### Records for processing ###
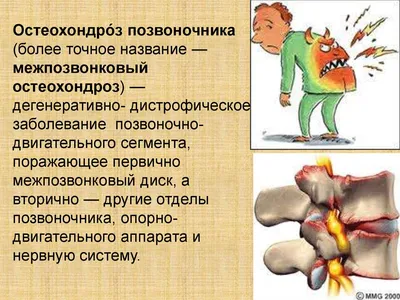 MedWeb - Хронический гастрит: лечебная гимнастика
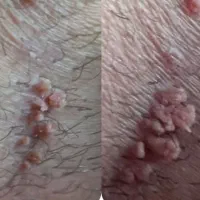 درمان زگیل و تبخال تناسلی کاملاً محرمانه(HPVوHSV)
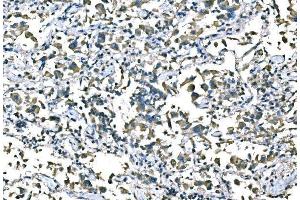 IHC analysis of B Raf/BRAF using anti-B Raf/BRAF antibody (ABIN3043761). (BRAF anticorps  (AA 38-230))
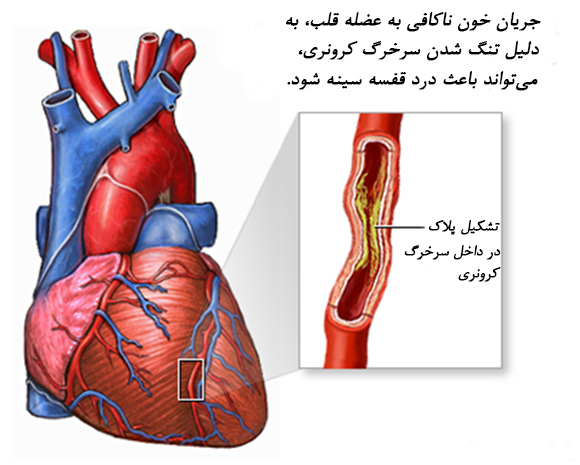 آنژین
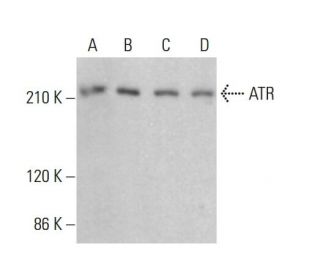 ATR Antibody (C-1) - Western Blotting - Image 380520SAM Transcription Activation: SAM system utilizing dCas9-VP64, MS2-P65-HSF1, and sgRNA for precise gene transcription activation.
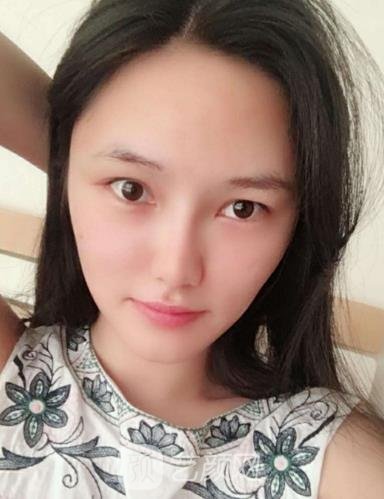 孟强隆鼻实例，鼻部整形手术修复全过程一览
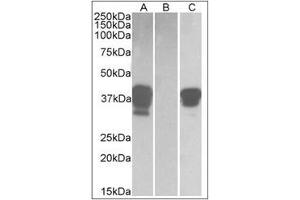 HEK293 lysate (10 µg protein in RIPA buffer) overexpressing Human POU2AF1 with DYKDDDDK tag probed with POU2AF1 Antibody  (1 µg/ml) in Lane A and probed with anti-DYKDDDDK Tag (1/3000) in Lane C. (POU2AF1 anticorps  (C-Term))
###
Reproduce each entry precisely, dropping only the pictures.

### Solution
 MedWeb - Хронический гастрит: лечебная гимнастика
 درمان زگیل و تبخال تناسلی کاملاً محرمانه(HPVوHSV)
 IHC analysis of B Raf/BRAF using anti-B Raf/BRAF antibody (ABIN3043761). (BRAF anticorps  (AA 38-230))
 آنژین
 ATR Antibody (C-1) - Western Blotting - Image 380520SAM Transcription Activation: SAM system utilizing dCas9-VP64, MS2-P65-HSF1, and sgRNA for precise gene transcription activation.
 孟强隆鼻实例，鼻部整形手术修复全过程一览
 HEK293 lysate (10 µg protein in RIPA buffer) overexpressing Human POU2AF1 with DYKDDDDK tag probed with POU2AF1 Antibody  (1 µg/ml) in Lane A and probed with anti-DYKDDDDK Tag (1/3000) in Lane C. (POU2AF1 anticorps  (C-Term))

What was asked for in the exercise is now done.